To address this issue, we study a specific graph-anonymization problem. We call a graph *k*-anonymous if for every node **v**, there exist at least *k*-1 other nodes in the graph with the same degree as **v**. And we are interested in achieving *k*-anonymous on a graph with the minimum number of graph-modification operations.
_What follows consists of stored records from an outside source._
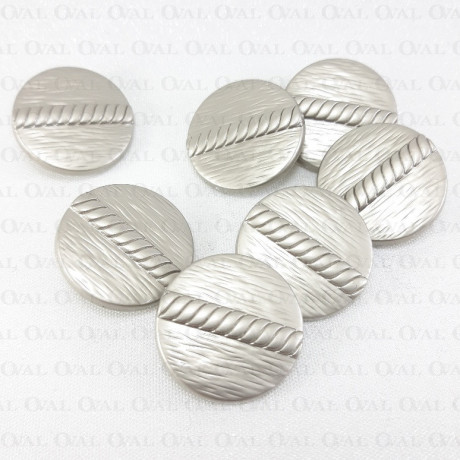 Guziki metalowe 25mm/10 lub100szt 5448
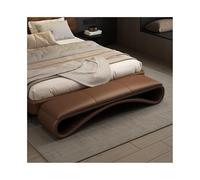 Zeng25liangOu-12 panca della camera da letto Sgabello da comodino for camera letto, leggero, di lusso, lungo, divano, alta qualità, semplice e moderno(Coffee)
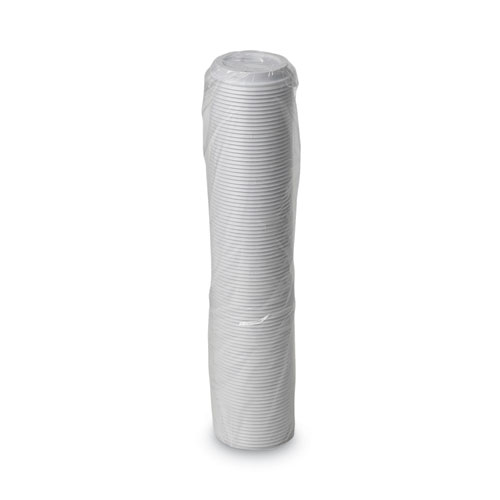 Image of Dixie® Dome Drink-Thru Lids, Fits 10 Oz To 20 Oz Dixie Paper Hot Cups, White, 100/Pack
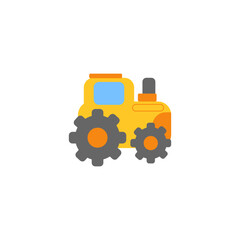 Tractor transportation vehicle vector illustration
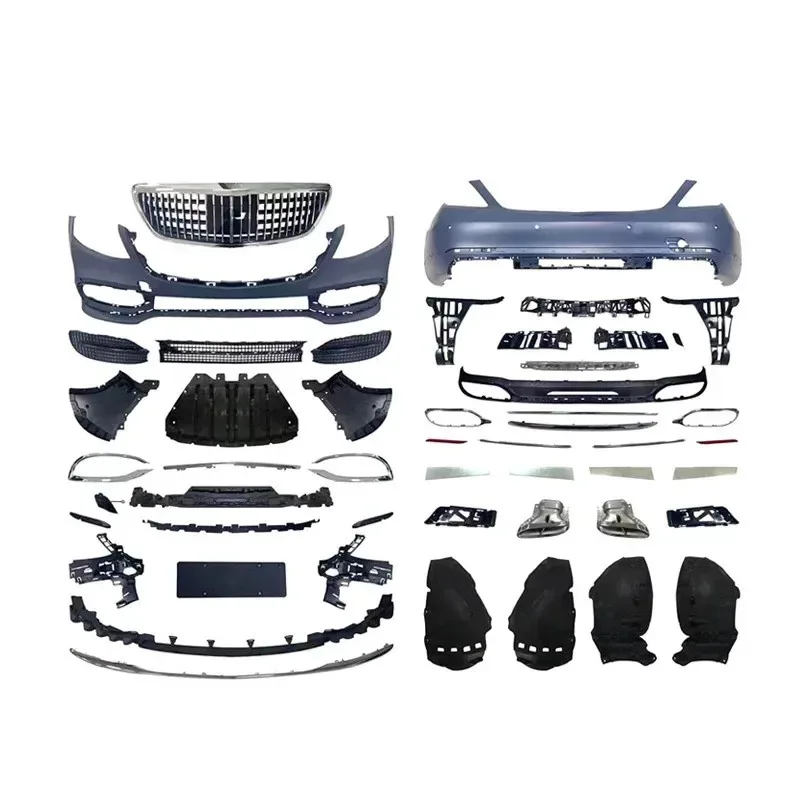 

bodykit for S-class Encircling W222 modified front bar middle net encircling back lip tail throat light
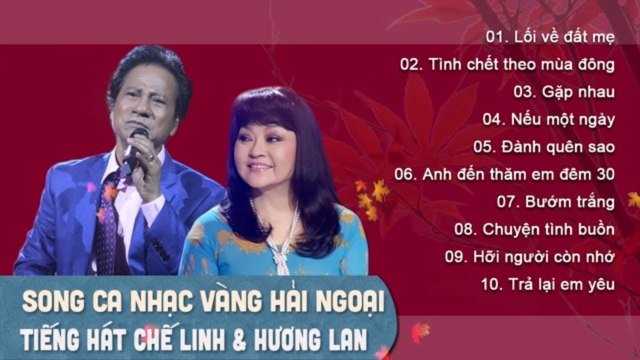 SONG CA NHẠC VÀNG HẢI NGOẠI TIẾNG HÁT CHẾ LINH, HƯƠNG LAN NHẠC VÀNG XƯA CHẤN ĐỘNG CON TIM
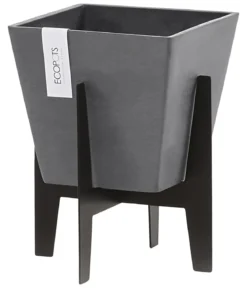 Ecopots Edelstahl-Standfuß, schwarz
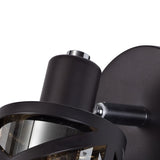 Amber Glow E14 Spotlight in Oiled Bronze & Polished Chrome Finish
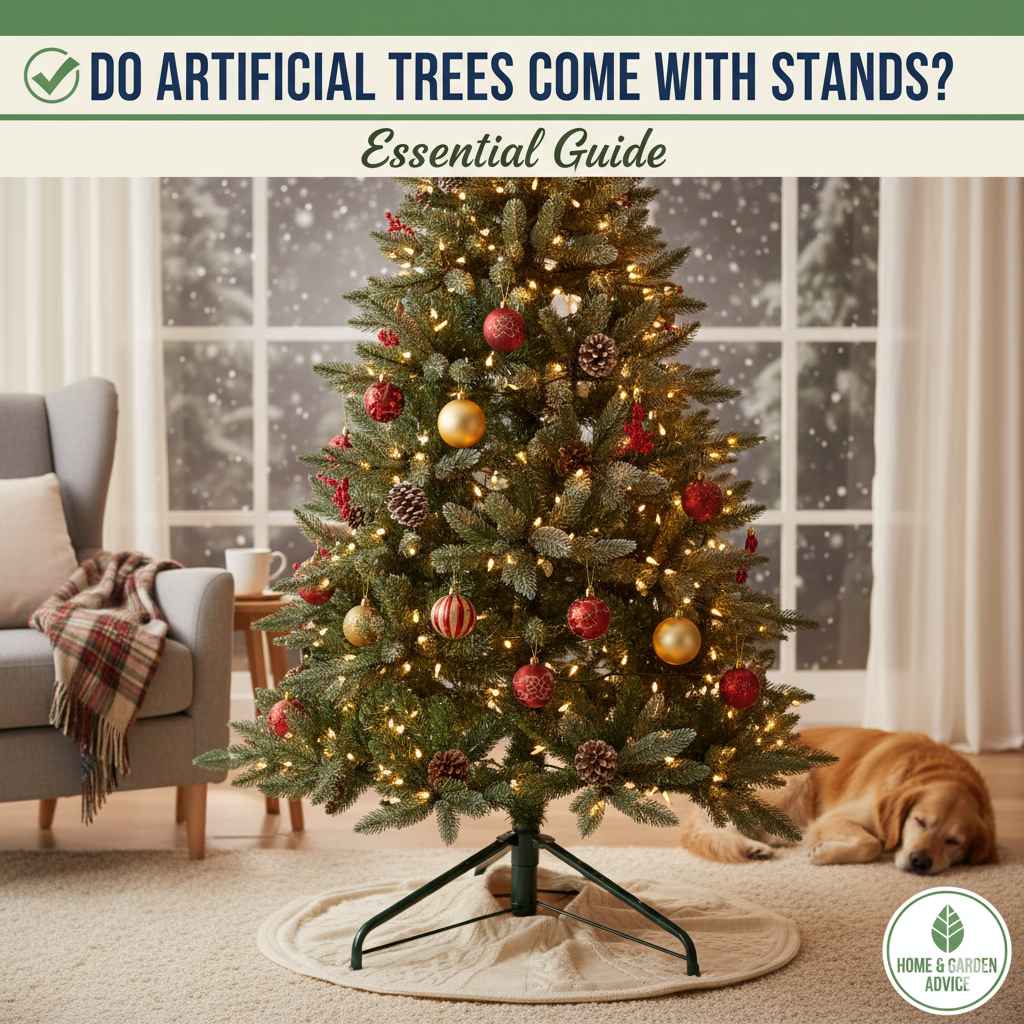 Do Artificial Trees Come With Stands
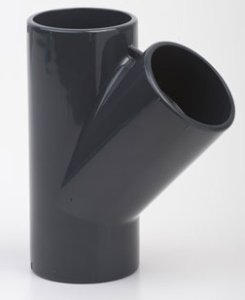 Klijuojamas PVC-U trišakis 45° dn160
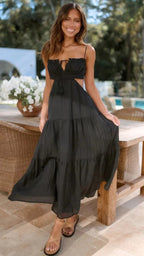 Saz Maxi Dress - Black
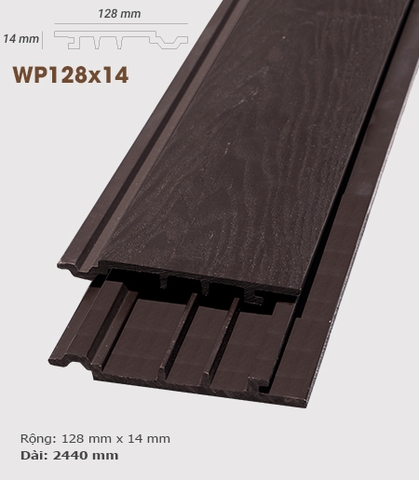  - Ốp tường AWood WP128x14 3D Socola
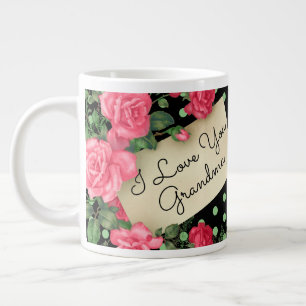 Love You Grandma Floral Large Coffee Mug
We simplify the problem. Pick *n* nodes out of the entire graph **G** and list their degrees in ascending order. We define a sequence *k*-anonymous if for every element **s**, there exist at least *k*-1 other elements in the sequence equal to **s**. To let the given sequence *k*-anonymous, you could do one operation only—decrease some of the numbers in the sequence. And we define the cost of the modification the sum of the difference of all numbers you modified. e.g. sequence 2, 2, 3, 4, 4, 5, 5, with *k*=3, can be modified to 2, 2, 2, 4, 4, 4, 4, which satisfy 3-anonymous property and the cost of the modification will be |3-2| + |5-4| + |5-4| = 3. Give a sequence with *n* numbers in ascending order and *k*, we want to know the modification with minimal cost among all modifications which adjust the sequence *k*-anonymous.

The first line of the input file contains a single integer *T* (1 ≤ *T* ≤ 20) – the number of tests in the input file. Each test starts with a line containing two numbers *n* (2 ≤ *n* ≤ 500000) – the amount of numbers in the sequence and *k* (2 ≤ *k* ≤ *n*). It is followed by a line with *n* integer numbers—the degree sequence in ascending order. And every number s in the sequence is in the range [0, 500000].